***** RECORDS FOR THIS EXERCISE

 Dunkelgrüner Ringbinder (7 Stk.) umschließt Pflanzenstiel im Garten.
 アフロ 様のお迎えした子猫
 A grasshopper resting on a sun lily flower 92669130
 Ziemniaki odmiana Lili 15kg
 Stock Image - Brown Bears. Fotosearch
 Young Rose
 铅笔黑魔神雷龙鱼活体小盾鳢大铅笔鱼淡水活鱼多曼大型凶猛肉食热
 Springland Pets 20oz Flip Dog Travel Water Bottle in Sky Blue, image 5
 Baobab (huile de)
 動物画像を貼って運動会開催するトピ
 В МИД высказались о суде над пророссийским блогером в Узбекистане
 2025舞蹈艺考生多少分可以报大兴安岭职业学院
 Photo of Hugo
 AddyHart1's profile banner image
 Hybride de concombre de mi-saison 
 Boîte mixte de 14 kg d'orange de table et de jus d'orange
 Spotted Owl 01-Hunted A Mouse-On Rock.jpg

**********

● TASK TO CARRY OUT
Copy the records above, keeping every word the same.

● RESULT OF THIS EXERCISE
 Dunkelgrüner Ringbinder (7 Stk.) umschließt Pflanzenstiel im Garten.
 アフロ 様のお迎えした子猫
 A grasshopper resting on a sun lily flower 92669130
 Ziemniaki odmiana Lili 15kg
 Stock Image - Brown Bears. Fotosearch
 Young Rose
 铅笔黑魔神雷龙鱼活体小盾鳢大铅笔鱼淡水活鱼多曼大型凶猛肉食热
 Springland Pets 20oz Flip Dog Travel Water Bottle in Sky Blue, image 5
 Baobab (huile de)
 動物画像を貼って運動会開催するトピ
 В МИД высказались о суде над пророссийским блогером в Узбекистане
 2025舞蹈艺考生多少分可以报大兴安岭职业学院
 Photo of Hugo
 AddyHart1's profile banner image
 Hybride de concombre de mi-saison 
 Boîte mixte de 14 kg d'orange de table et de jus d'orange
 Spotted Owl 01-Hunted A Mouse-On Rock.jpg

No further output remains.